Copy exactly the lines from the one containing "Calça azul de senhora." through the last line of the records below, both included, and leave out the pictures.
═══ Task input ═══
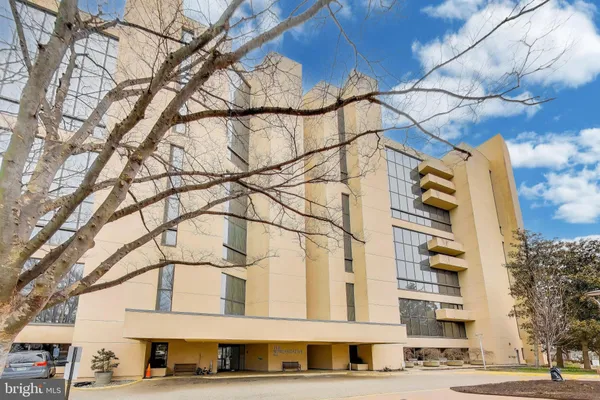 $3,550 | 1101 South Arlington Ridge Road, Unit 305, Arlington, VA 22202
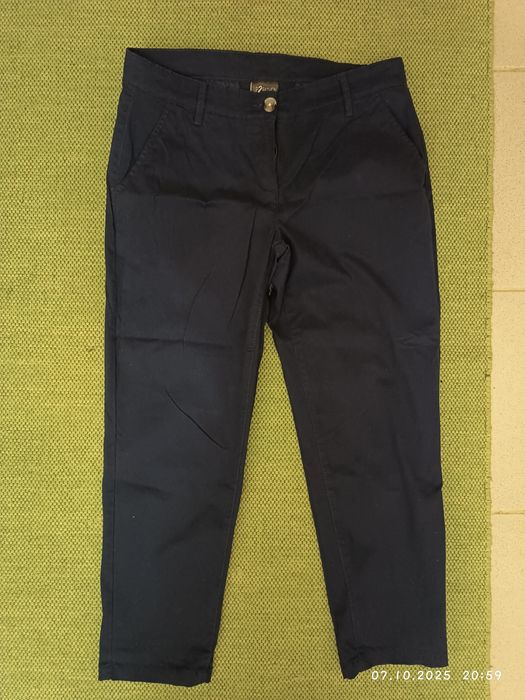 Calça azul de senhora.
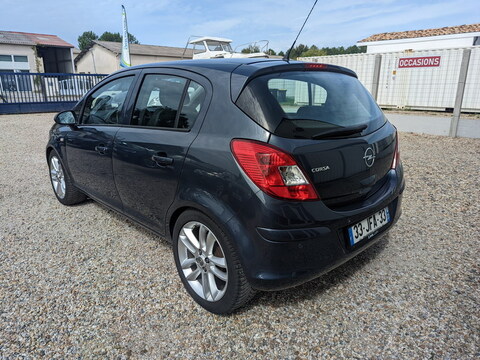 Opel Corsa IV  1.4 87ch Innovation 5p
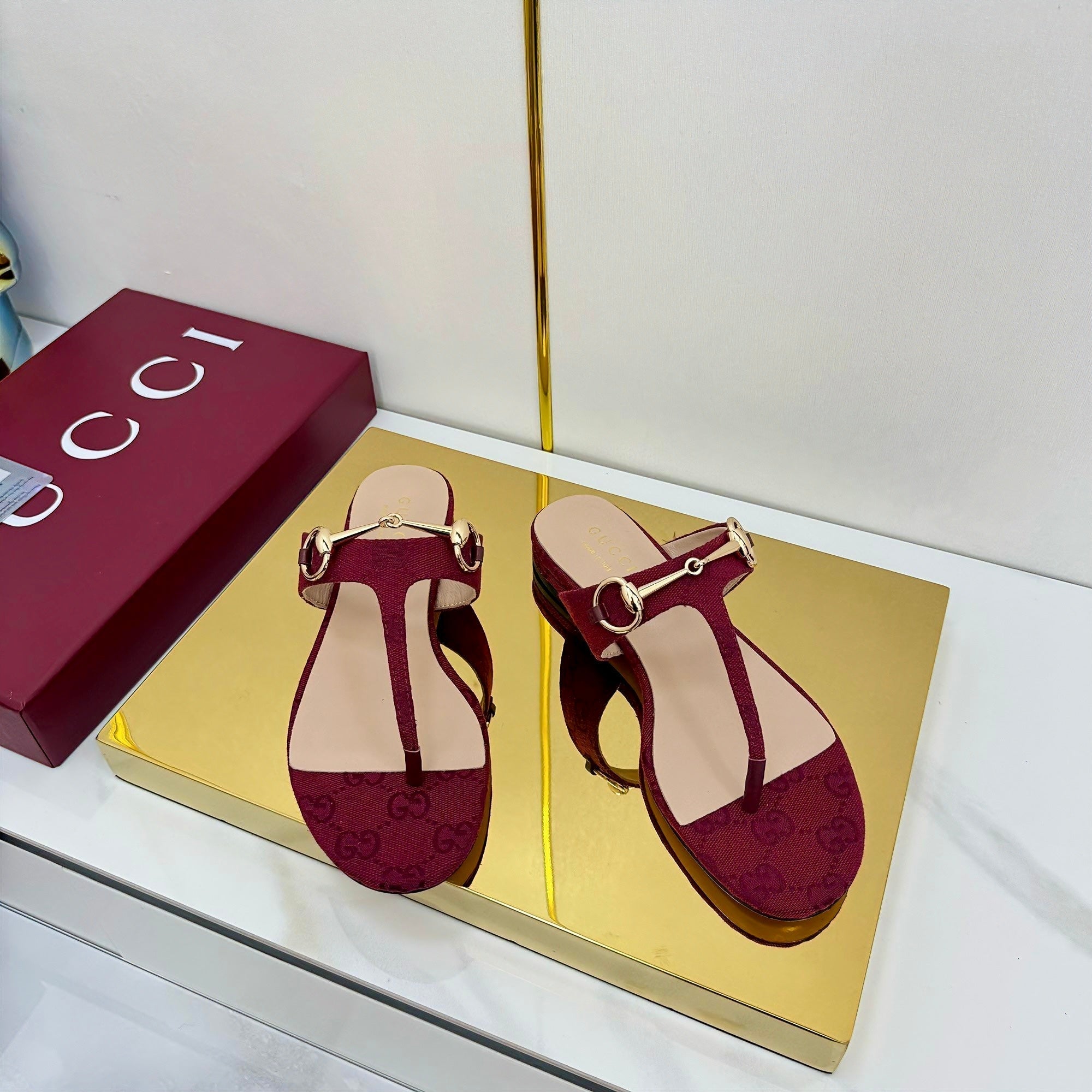 THONG SANDALS IN RED FABRIC PRINTED LOGO WITH GOLD HARDWARE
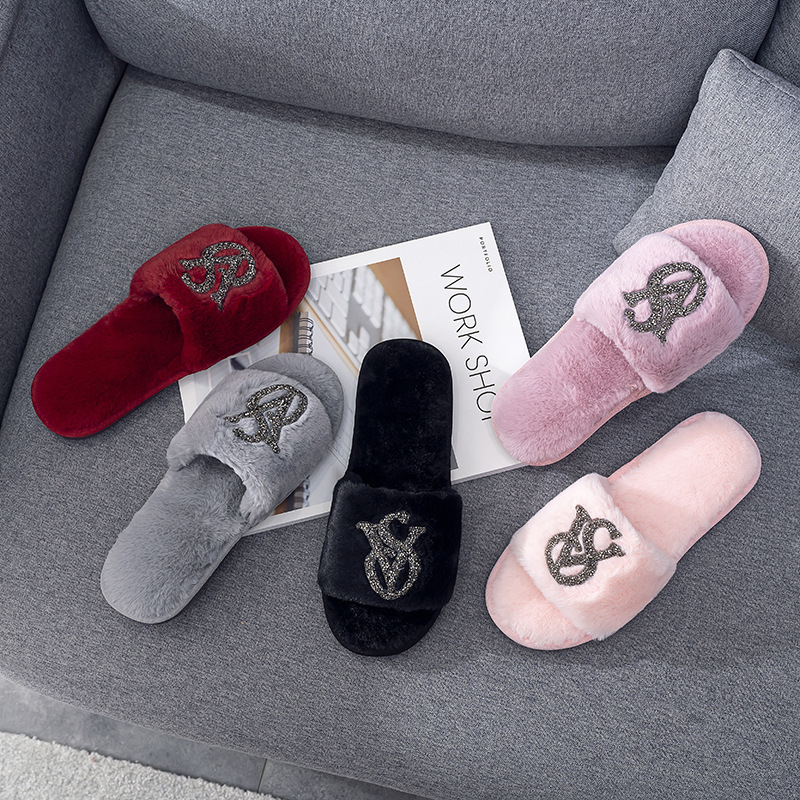 Xiaoxiangfeng cotton slippers women's autumn and winter rhinestone wear wool plush soft bottom foreign trade indoor home slippers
═══
Solution to the problem »
 Calça azul de senhora.
 Opel Corsa IV  1.4 87ch Innovation 5p
 THONG SANDALS IN RED FABRIC PRINTED LOGO WITH GOLD HARDWARE
 Xiaoxiangfeng cotton slippers women's autumn and winter rhinestone wear wool plush soft bottom foreign trade indoor home slippers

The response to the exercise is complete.